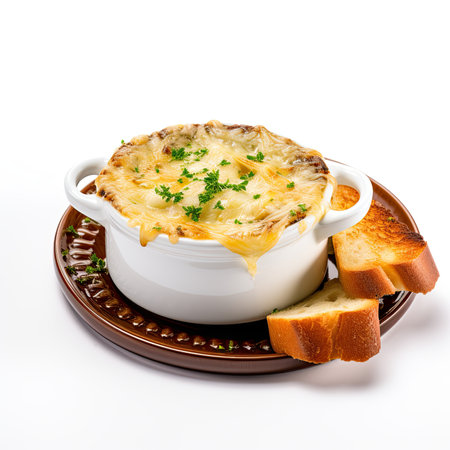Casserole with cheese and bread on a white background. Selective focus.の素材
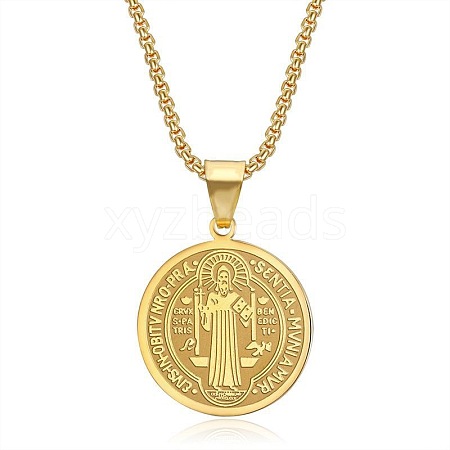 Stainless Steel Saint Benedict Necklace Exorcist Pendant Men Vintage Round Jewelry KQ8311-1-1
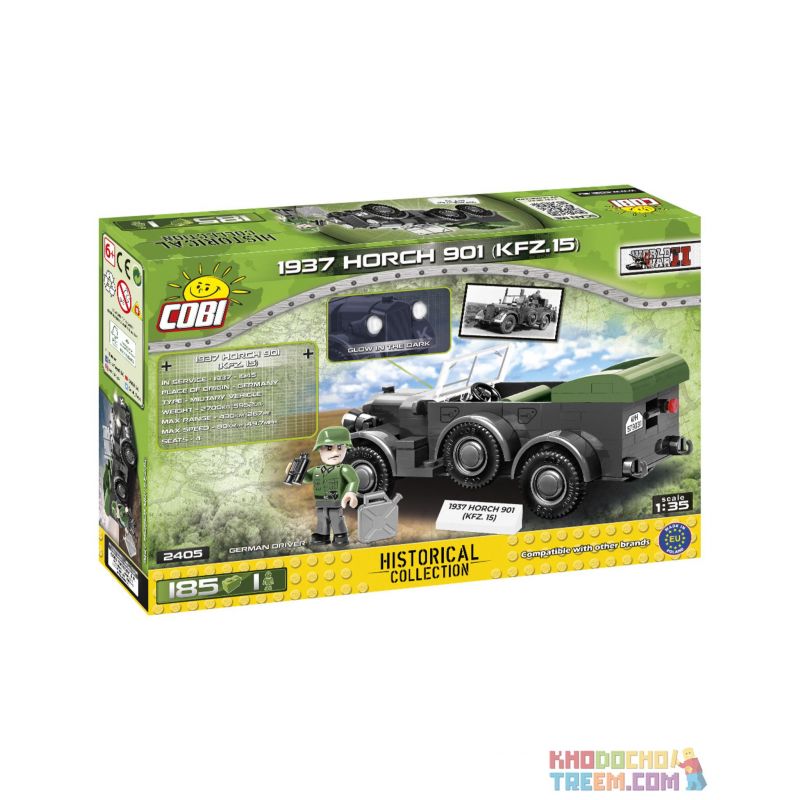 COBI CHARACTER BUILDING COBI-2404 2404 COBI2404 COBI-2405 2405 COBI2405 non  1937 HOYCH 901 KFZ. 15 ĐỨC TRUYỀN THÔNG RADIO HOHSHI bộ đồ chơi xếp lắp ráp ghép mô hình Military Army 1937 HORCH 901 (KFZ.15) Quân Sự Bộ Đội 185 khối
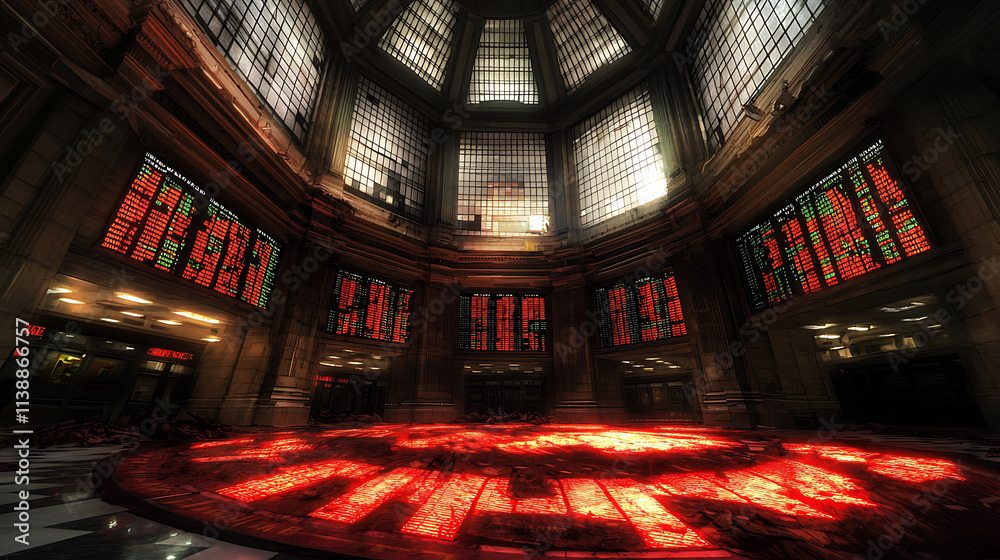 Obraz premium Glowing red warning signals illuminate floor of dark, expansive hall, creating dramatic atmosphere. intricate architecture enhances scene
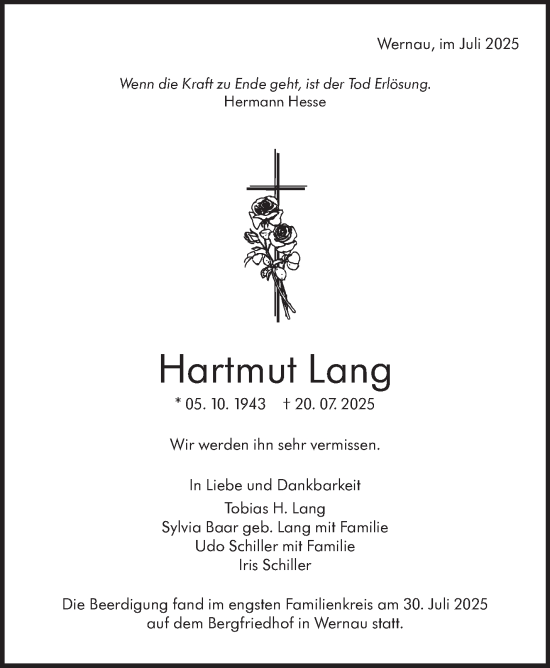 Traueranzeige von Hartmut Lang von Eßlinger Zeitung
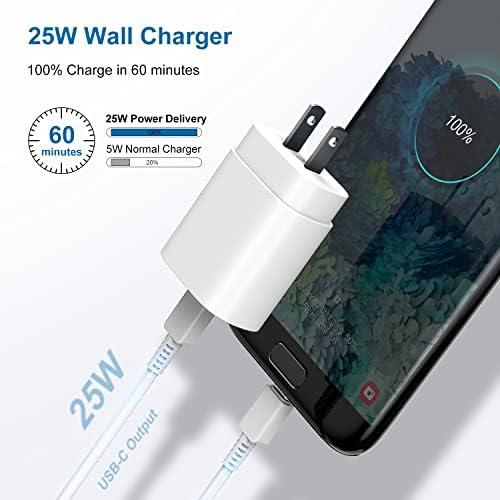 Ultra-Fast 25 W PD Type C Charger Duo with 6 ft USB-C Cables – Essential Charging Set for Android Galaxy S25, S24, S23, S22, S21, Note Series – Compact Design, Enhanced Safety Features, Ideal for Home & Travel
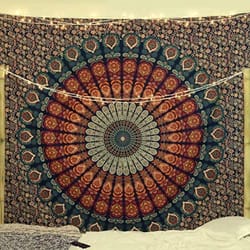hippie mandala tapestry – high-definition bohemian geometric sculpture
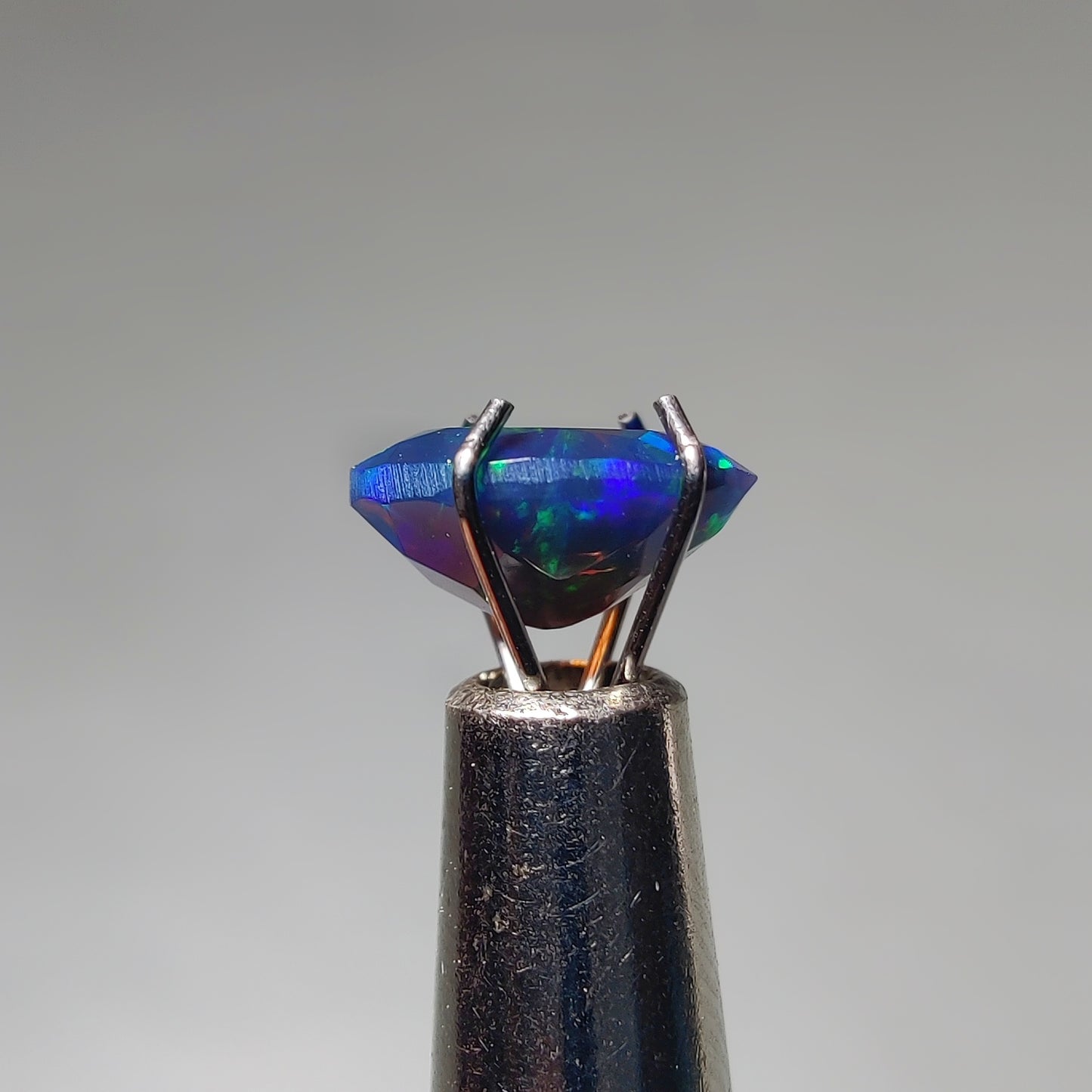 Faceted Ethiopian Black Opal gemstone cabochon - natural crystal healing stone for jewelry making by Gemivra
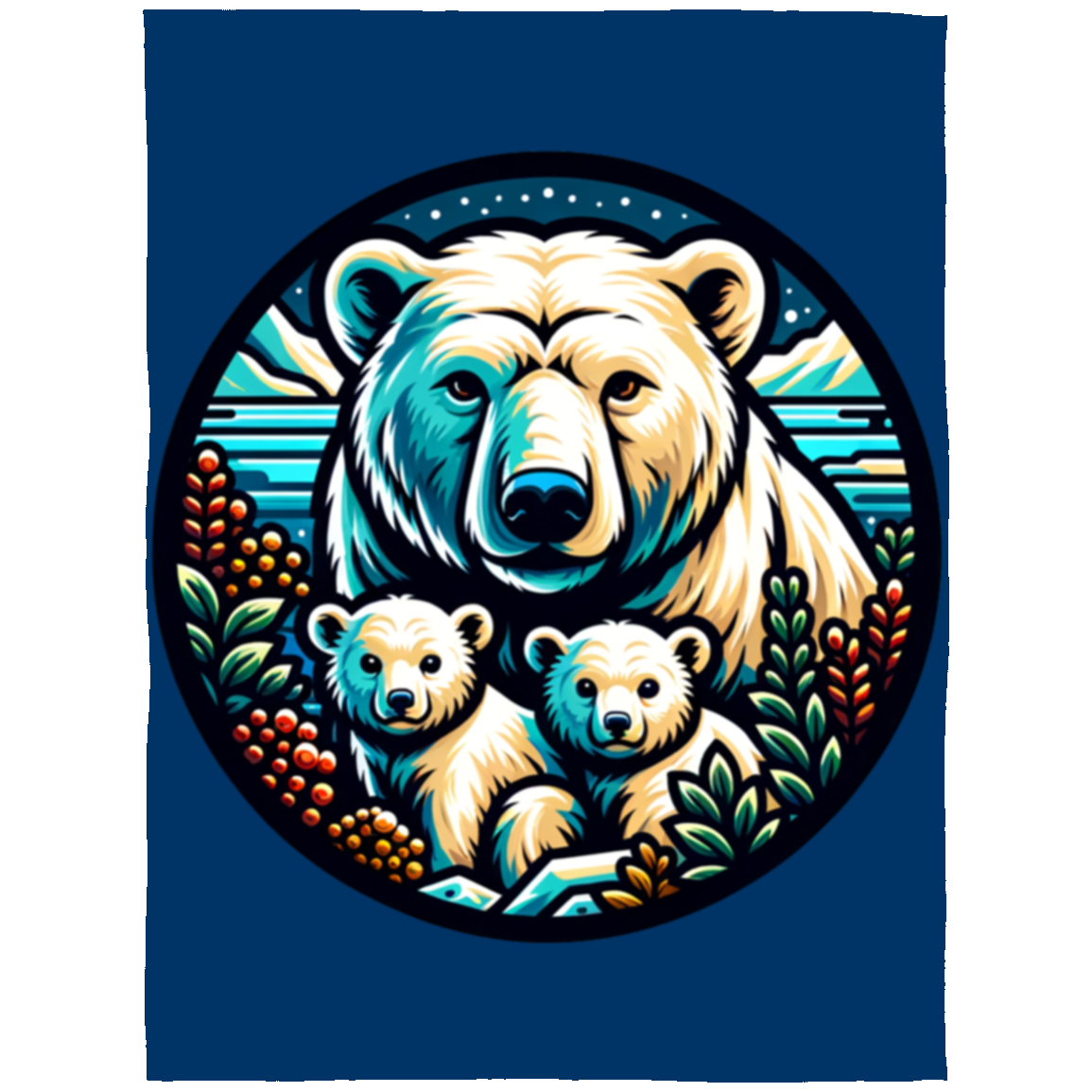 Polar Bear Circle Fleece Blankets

====

Pictures excluded, transcribe the listing above exactly from the line with "Stainless Steel Saint" through the line with "Obraz premium Glowing", and no further.

 Stainless Steel Saint Benedict Necklace Exorcist Pendant Men Vintage Round Jewelry KQ8311-1-1
 COBI CHARACTER BUILDING COBI-2404 2404 COBI2404 COBI-2405 2405 COBI2405 non  1937 HOYCH 901 KFZ. 15 ĐỨC TRUYỀN THÔNG RADIO HOHSHI bộ đồ chơi xếp lắp ráp ghép mô hình Military Army 1937 HORCH 901 (KFZ.15) Quân Sự Bộ Đội 185 khối
 Obraz premium Glowing red warning signals illuminate floor of dark, expansive hall, creating dramatic atmosphere. intricate architecture enhances scene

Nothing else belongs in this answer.